As the dd of 2 doctors she has already expressed a wish to follow a scientific career and the evidence is that science subjects are far better taught in a single gender environment.
'Expressing a wish' would carry more weight if there's hard evidence of an aptitude for and genuine interest in science. Would the current school confirm this, for example?
Any extra-curricular evidence such as science club?
See dejavu's case:viewtopic.php?f=35&t=9205&start=20
(scroll down to "Two successful 12+ appeals for SHF and AHS")
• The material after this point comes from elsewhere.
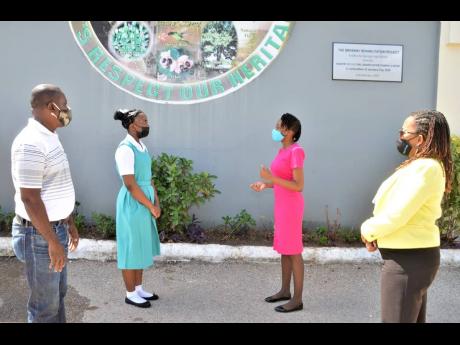 Grade seven student at Clarendon based Denbigh High School, Thian Nangle (second left), listens to her teacher, Jassett Blake (second right). Observing (from left) are: Thian's father, Errol Nangle, and Vice Principal of the school, Dianne Gordon-Denton.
SHF has specialist science status. DD excels in maths and has a passion for science. She has always wanted to be a vet, and to realise these ambitions she would need to attain the very highest grades in sciences and maths. Appendices included letter from her Science Club teacher, marked SATS papers showing high levels for science and maths which DD had brought home from school (as current school would not provide up-to-date info about DD’s grades to support the appeal) – all the more remarkable as SATS are not age standardised and DD was late August born Gifted and talented for maths, article from local press when interviewed about her high achievements in dog showing (long time interest in animals) in which it said in print the “she has ambitions to be a vet”.
Also the west herts consortium allowed a number of children to sit the test at a later date ( 2 months later) without changing the test in anyway at all, despite the maths paper in particular being the talk of the playground afterwards. It is also noted that 9 children in watford depsite making late applications managed to get their 1st choice schools.
Not sure this helps unless they were in breach of their published admission rules.
Do I need to apply under the freedom of information act to find out if any child who sat the test late was awarded an academic place and also if any of the late applicants got an academic place?
Yes - although it's just possible they could refuse if the numbers are so small that children might potentially be identified.
do you think this is grounds enough for a appeal?
Leaving aside the last point, you do have grounds. But if what you really mean is grounds for a successful appeal, that would be an impossible question, not knowing what evidence you have, and exactly how strong a case you will be presenting.
Have you looked into the success rate for appeals to WGSG?
You can ask:http://www.elevenplusexams.co.uk/appeals/general#a39
If I take a hard-headed approach, I don't mean to be discouraging!
I do think you should try - just be realistic about the fact that the odds are against most appeals succeeding.